Material to process Block Start

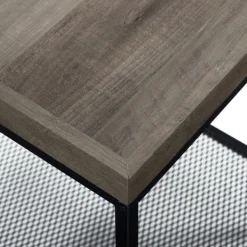 Accent & End Tables-Kirkland's Home Wash Square Tray Style Top Accent Table Gray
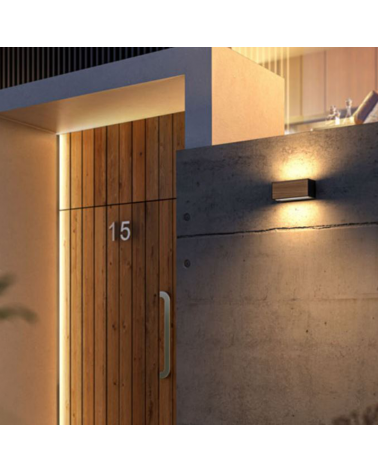 Aplique pared de exterior 25cm ancho Luz superior e inferior E27 aluminio y madera 15W IP54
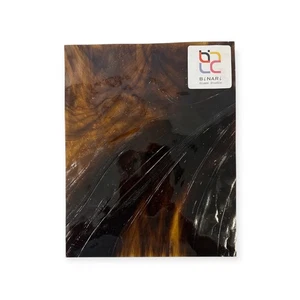 8 x 12 in Light Amber Streaky Wissmach Stained Glass Sheet and Mosaic Tile - Picture 1 of 6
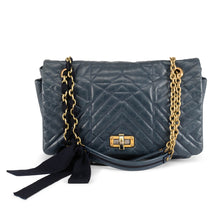 Lanvin Navy Chevron Quilted Happy Bag
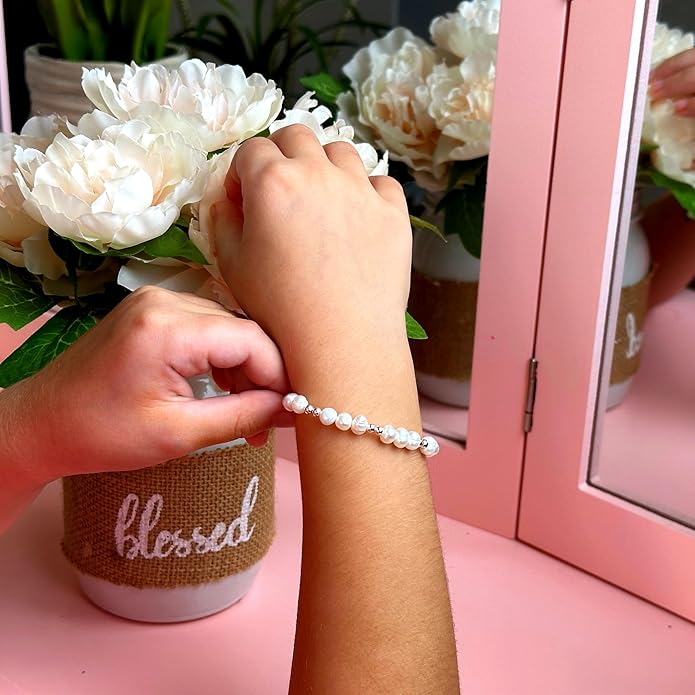 Freshwater Cultured Pearl Bracelet, Sterling Silver Jewelry. Toddler Bracelets for Girls, Toddler Girl Birthday Gifts, Keepsake Baby Girl gift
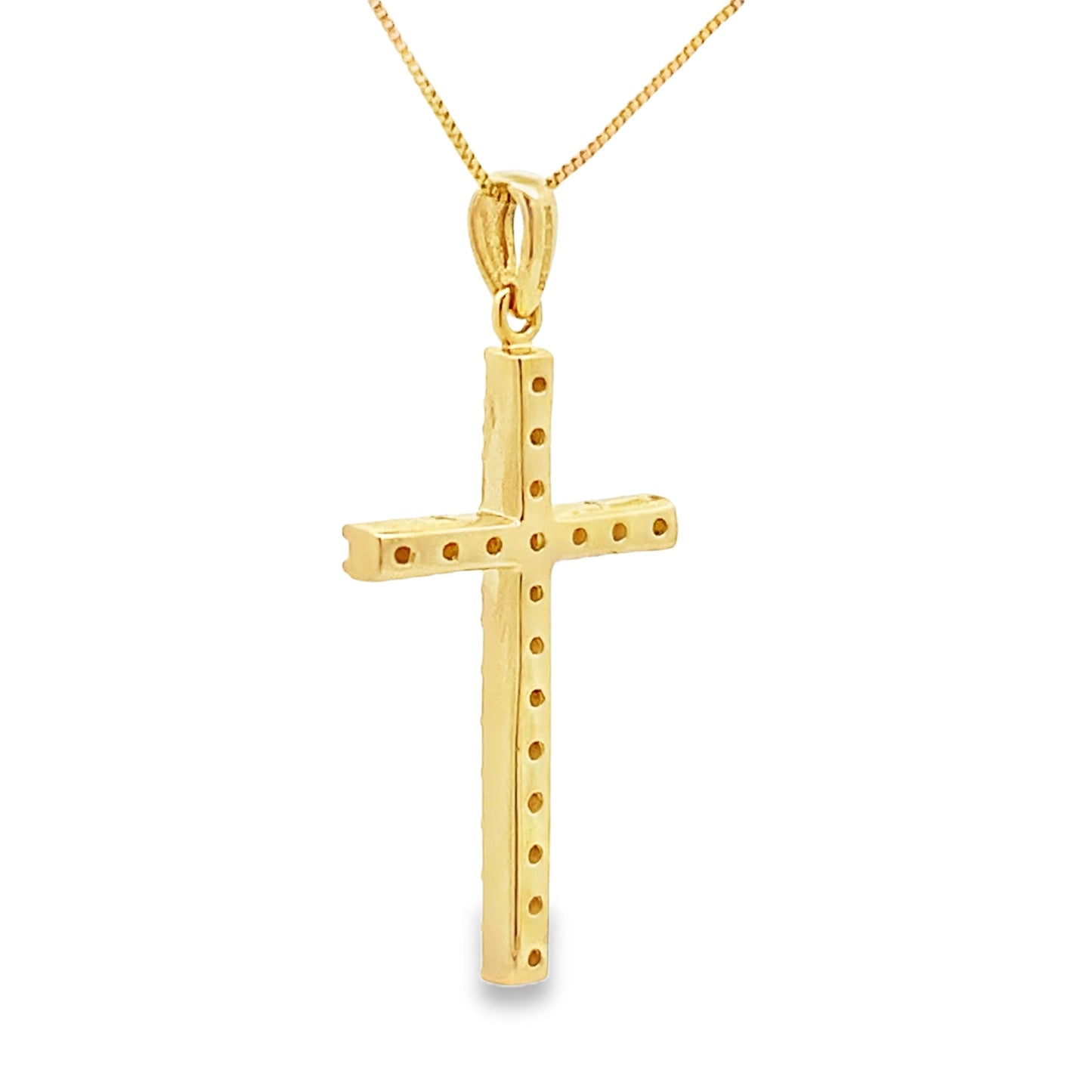 Pendentif Croix en Diamant de 0,25 ct en Or Jaune 14KT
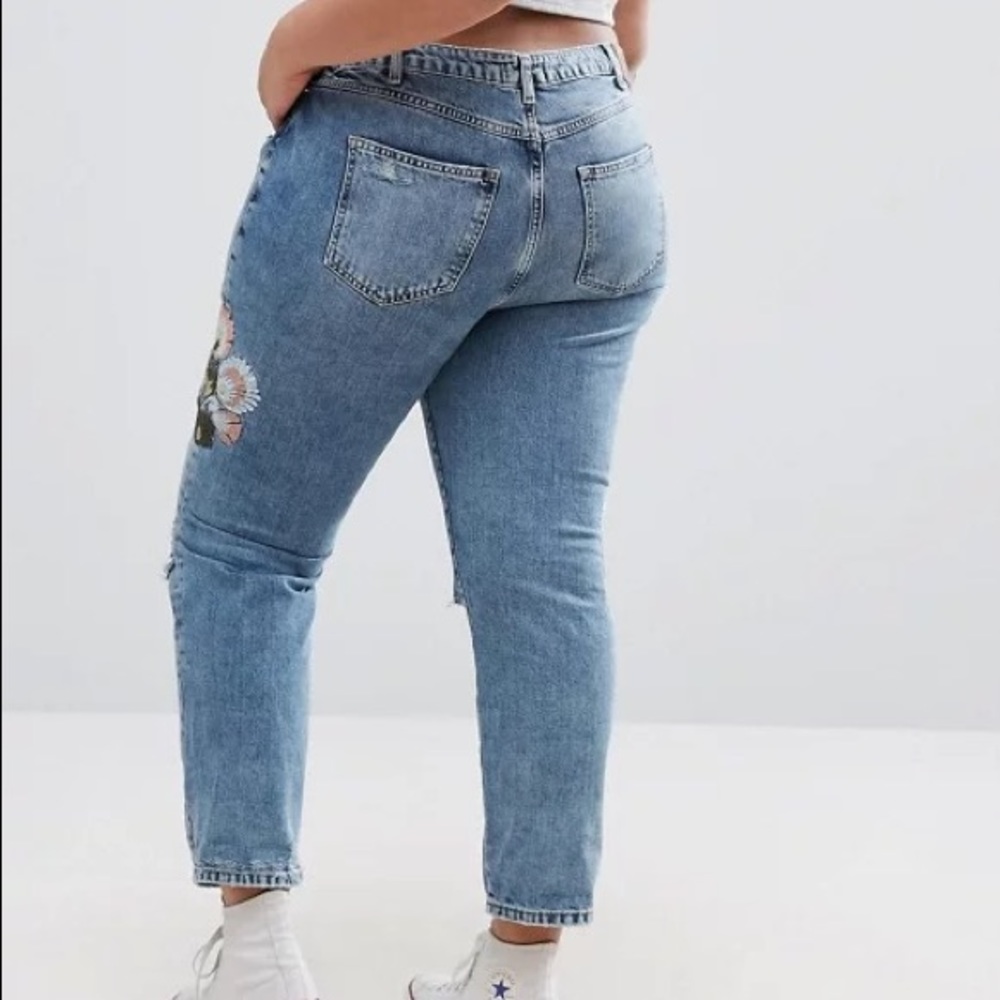ASOS Embroidered plus size ripped jeans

Material to process Block End

To do: Retype every entry exactly as written, but omit the pictures.

Solution:
 Accent & End Tables-Kirkland's Home Wash Square Tray Style Top Accent Table Gray
 Aplique pared de exterior 25cm ancho Luz superior e inferior E27 aluminio y madera 15W IP54
 8 x 12 in Light Amber Streaky Wissmach Stained Glass Sheet and Mosaic Tile - Picture 1 of 6
 Lanvin Navy Chevron Quilted Happy Bag
 Freshwater Cultured Pearl Bracelet, Sterling Silver Jewelry. Toddler Bracelets for Girls, Toddler Girl Birthday Gifts, Keepsake Baby Girl gift
 Pendentif Croix en Diamant de 0,25 ct en Or Jaune 14KT
ASOS Embroidered plus size ripped jeans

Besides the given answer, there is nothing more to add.